The volcano science community currently relies on a suite of analytical, computational, and experimental facilities. Community and multiuser facilities, in particular, provide opportunities and expertise to a broad range of users. Useful infrastructure improvements for volcano science range from analytical facilities to cyberinfrastructure, from satellites to long-lived field experiments. Infrastructure developed for complementary large Earth science projects (e.g., EarthScope and Subduction Zone Observatory) can also be leveraged.
Intrinsic properties of the magmatic systems that fuel volcanoes are measured using the tools of geochronology, geochemistry, rock physics, and petrology. Many facilities are hosted by single institutions, making access highly variable. These include geochemical and microanalytical facilities, and high-pressure, high-temperature experimental petrology and rock physics laboratories. Facilities to support geochronology, in particular, are critical for constraining the life cycles of volcanoes. Geochronology facilities in the United States are inadequate to meet the demand for all disciplines and are often inaccessible because of high costs (Harrison et al., 2015). Despite the scientific value (see Chapter 2), there is currently little U.S. emphasis on drilling to access the subsurface of volcanic systems, either for basic science studies or for deploying borehole instruments such as seismometers and strainmeters. This is in marked contrast to past community projects in the United States (e.g., Eichelberger, 1997; Eichelberger et al., 1984; Keller et al., 1979; Zablocki et al., 1974) and current international efforts (e.g., Bonaccorso et al., 2016; Elders et al., 2014; Sakuma et al., 2008).
Experimental facilities to study the dynamics of volcanic phenomena such as pyroclastic density currents, lava flows, and plumes are hosted by individual researchers. The large scale of many experimental models, however, could benefit from development and support of community user facilities (Valentine et al., 2011). Such large-scale experiments can provide a test bed for exploring new physical processes, validating codes, and testing new instrumentation, including in situ monitoring of flows.
Department of Energy-supported synchrotron beamlines have fueled rapid advances in spectroscopic and single-crystal measurements and microtomographic studies of volcanic materials. New and exciting applications include four-dimensional imaging of multiphase magma transport processes (e.g., Baker et al., 2012).

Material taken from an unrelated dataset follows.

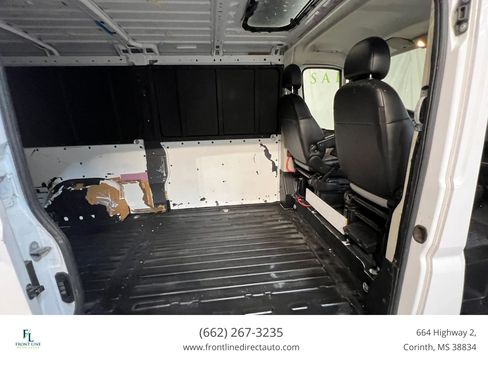 Used 2019 RAM ProMaster 1500 FWD image 16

Access to high-performance computing, such as XSEDE (Extreme Science and Engineering Discovery Environment), NCAR (National Center for Atmospheric Research), and NERSC (National Energy Research Scientific Computing Center) facilities, are essential for state-of-the-art models. Communal cyberinfrastructure supports comprehensive data-
bases, model development, benchmarking, and implementation (e.g., Marzocchi et al., 2008; Sparks et al., 2012). VHub2 currently serves as a clearinghouse for such models. Community facilities, such as NSF-funded CIG (Computational Infrastructure for Geodynamics), could help improve the accessibility and user-friendliness of computational approaches by enhancing code efficiency and offering resources not available to individuals.
Finally, geophysical, geochemical, and geodetic data underpin research on active volcanoes. Key avenues for data collection include satellites that can be used for targeted observations of restless volcanoes, airborne instruments (including drones), and instrument pools for volcano-specific monitoring equipment. The NSF-funded PASSCAL (Portable Array Seismic Studies of the Continental Lithosphere) center provides seismometers for targeted campaigns, and UNAVCO provides engineering support and Global Positioning System (GPS) units for campaign measurements and permanent installation. A broader range of instruments and enhanced community coordination would maximize rapid response capabilities and permit innovative multisensor experiments on individual volcanoes.
Improving our ability to understand and forecast volcanic behavior requires a workforce capable of communicating and integrating information across the different fields represented within volcano science. The next generation of volcano scientists must not only develop core expertise but also acquire sufficient knowledge to incorporate results from, and communicate with, volcano scientists in other disciplines. Of these skills, only the first is a common goal of traditional graduate programs. Although most graduate programs also encourage some breadth in scientific understanding, the extent varies widely. Skills for communicating across disciplines are only indirectly a part of the training of most scientists. Improved training therefore requires new ways to expand the communication proficiency of scientists, and to foster opportunities and mechanisms for developing interdisciplinary research skills while still maintaining disciplinary rigor. Similarly, quantitative skills are increasingly important, requiring training in computation and statistics.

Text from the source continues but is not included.